Monday, Jul. 17, 1933
Straws
''It isn't because I haven't got the stories. Not at all. . . . It is simply because I am convinced this business has become more than ever a matter of timeliness and I deem it wise to hold open enough places on the program to inject any new thing which may come up. . . ."
With this statement of his reasons for not releasing the names of all the 36 pictures Universal will make in the coming year, shrewd old Carl Laemmle Sr. last week revealed a few of his immediate plans: a cinema biography of the late Flo Ziegfeld, written by his widow Billie Burke; a dramatization of Only Yesterday to make all but youngsters recall the Nineteen Twenties;--'Charles G. Norris' lusty Zest; a story by Harold Bell Wright called Ma Cinderella, and Vicki Baum's I Give My Love.
Most noticeable current trend in the cinema is toward musicomedies. This type, instead of subsiding as most producers expected after the release of Forty-Second Street, has grown until 16 are now scheduled for next season. RKO will make six starting with Flying Down to Rio, in which Dolores del Rio will play opposite Fred Astaire.
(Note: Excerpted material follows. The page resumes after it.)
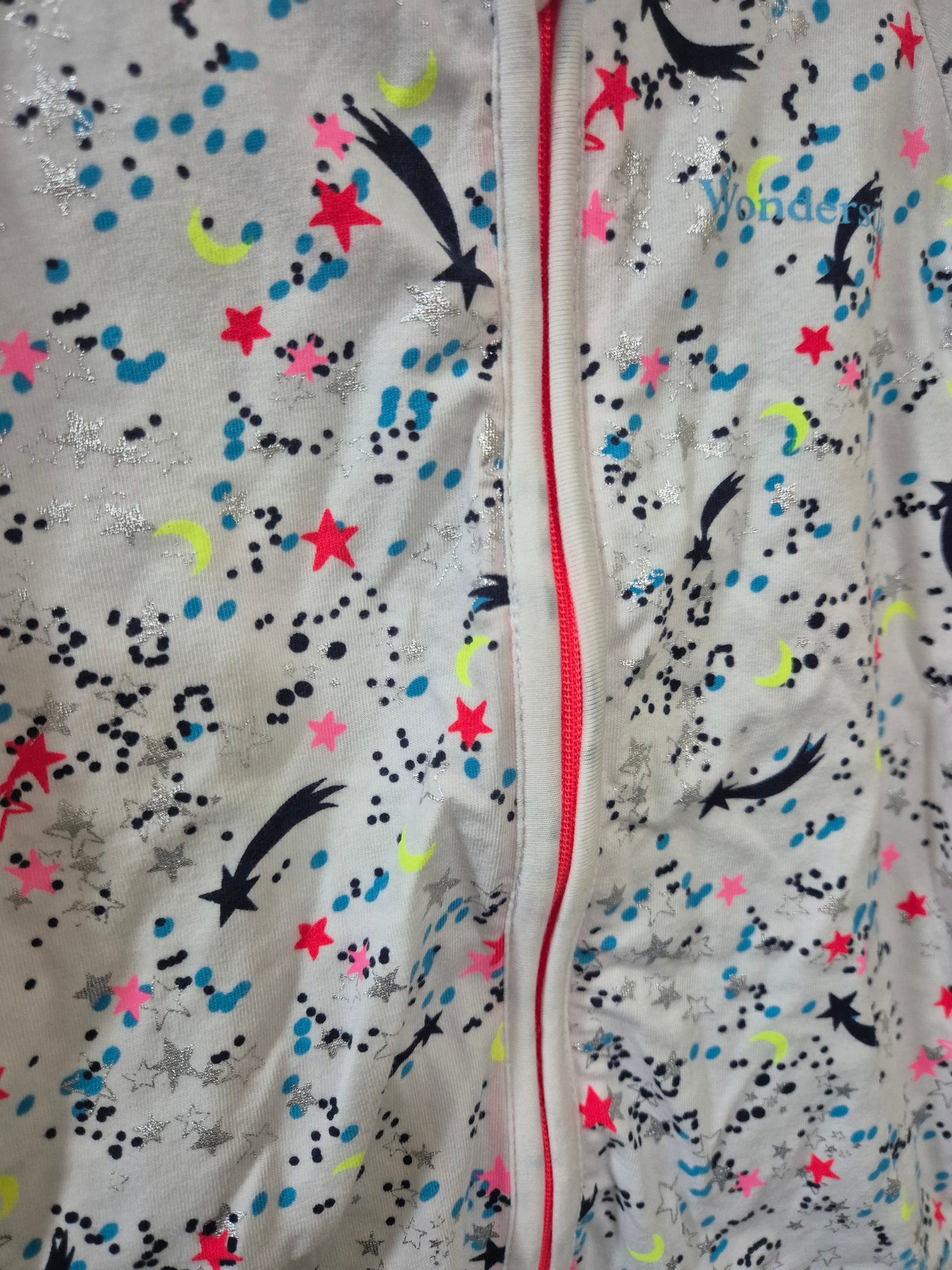 BONDS Shooting Stars (BNWT) - Size 000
After weeks of tubthumping, oratory, advertisements in Variety, arguments with directors and actors to get them to sign new contracts in time to appear on company rosters, the major producers (except Warner's and United Artists, whose conferences have not yet been held) announced a total of 301 pictures, divided as follows:
Paramount 65 Fox 54 RKO 52 Columbia 48 MGM 46 Universal 36
Proudest boast of MGM was that Greta Garbo had returned to Hollywood after all, signed a new contract, and was ready to start her next picture (Queen Christina). Also signed up for one prizefight picture was Heavyweight Challenger Max Baer. Still addicted to all-star casts, MGM was ready to release Dinner at Eight which contains almost every performer on the lot except John Barrymore's macaw. RKO promised Sinclair Lewis' Ann Viewers. It would also tackle Of Human Bondage, Somerset Maugham's long-neglected but deeply moving story of a cripple. Fox announced it had bought the rights to Music in the Air, planned a series of shorts made from old nickelodeon cinemas. Paramount ballyhooed Mae West louder than Marlene Dietrich, planned to stop sending its feature pictures to outlying districts before they have been screened in Paramount's pretentious string of urban theatres.
*Not to be confused with This Is America, a compilation of 1917-33 newsreels, now awaiting release.